Yep, but personally I don't think that will happen anytime soon. Mozilla, ok, chrome, maybe? IE??? Hmmm... (Hint: cacert).


----------



## splitice (Nov 19, 2014)

I don't see a problem with it being accepted. Its probably the primary reason for the 2015 release (technically its not complex to run a C.A).

The main risk I see is easy access to certificates for impersonation but I am sure they work around this through stringent validation of authorized domains (e.g restriction to domain contacts).


----------



## sv01 (Nov 19, 2014)

let's hope they don't ended like *affirmtrust*.com, never launching to public


----------



## comXyz (Nov 19, 2014)

I still use StartSSL for my small websites. For me it's good enough.

Sure I will check it out when it releases to public ^_^


----------



## raindog308 (Nov 19, 2014)

Steven F said:


> https://www.eff.org/press/releases/new-free-certificate-authority-dramatically-increase-encrypted-internet-traffic
> 
> https://letsencrypt.org/
> 
> ...



Even a "normal" cert with an optional donation.

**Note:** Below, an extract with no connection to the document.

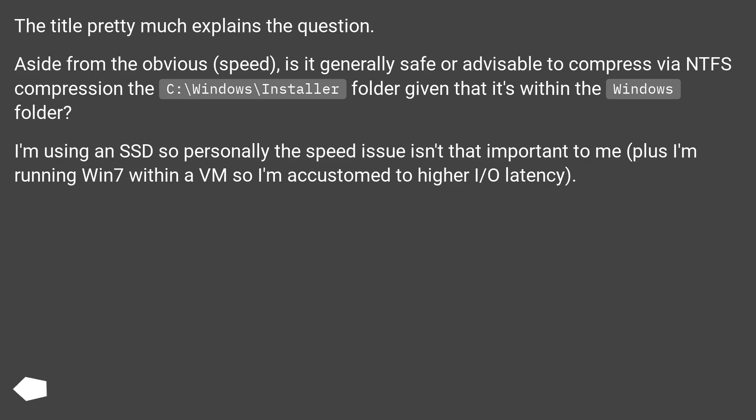I'm using an SSD so personally the speed issue isn't that important to me, plus I'm running Win7 within a VM so I'm accustomed to higher I/O latency.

Yes, I'd pay $5 or $10 to get my SSL from EFF as opposed to a commercial vendor.


----------



## drmike (Nov 19, 2014)

Steven F said:


> https://www.eff.org/press/releases/new-free-certificate-authority-dramatically-increase-encrypted-internet-traffic
> 
> 
> 
> ...


Awesome! Please bring it to market.

And thank you @Steven F for posting about this.


----------



## switsys (Nov 19, 2014)

Nice with another free CA.

Let's see if this one carries more weight than the former one.


----------



## Abdussamad (Nov 19, 2014)

HalfEatenPie said:


> I wonder what the other CAs would do (the ones that make you pay). Maybe have better encryption algo? Or maybe focus more on background-checks and make sure they're able to provide detail on who they are via the cert?
> 
> 
> I don't know...


They're partnering with an existing CA from the old guard so there must be some plan. According to this article they are trying to make it easier to get and install a cert. If you have root access to your server you run their script and it acquires the cert and does the server configuration for you. But most people are on shared hosting where they don't have root access so how will they get a free cert? Perhaps they can't and that is how identrust keeps its market for commercial certs.


----------



## lbft (Nov 19, 2014)

The commercial vendors can offer a couple of things that a free cert can't:


Those dumb little logos you can put on your site, that when clicked on give assurance that the site can be trusted and mention an impressively large sounding insurance policy that has never paid out in the history of the universe. Customers of e-commerce sites love them even though they don't mean anything.
EV certs: nobody is going to give away EV certs for free. As more sites have regular certs (and browser chrome gives EV certs more emphasis) there'll be a shift towards EV certs which are a lot more profitable.


----------



## Wild1145 (Nov 20, 2014)

It would be good if everyone was using https, just as peace of mind for those that are not as internet savvy, but in all fairness, Cloudflare offers a secure connection now between the client and cloudflare, and thats enough for some people.


----------



## fixidixi (Nov 20, 2014)

"you run their script and it acquires the cert and does the server configuration for you"

well aint gona happen.

@max: it'll grab the cert and download it to the vps, then. well stops as im going to use that cert as i see fit .


----------



## splitice (Nov 20, 2014)

Its an open protocol for requesting certificates. Its quite nice actually, currently working on a PHP client.


----------



## TurnkeyInternet (Nov 25, 2014)

This would be a great thing if it makes to market and is compatible - I think automation is the key, globalsign with its 1-click for instance saves so much time its worth paying for over 'free' if you are the hosting company.   But its hard to argue with free!


----------



## fixidixi (Nov 25, 2014)

My question is how are they going to handle verification:

a) if its a pain in the *swearword* then well its still not that easy to get

b) then all sorts of idiots are going to misuse it..

well...


----------



## SentinelTower (Dec 8, 2014)

splitice said:


> Its an open protocol for requesting certificates. Its quite nice actually, currently working on a PHP client.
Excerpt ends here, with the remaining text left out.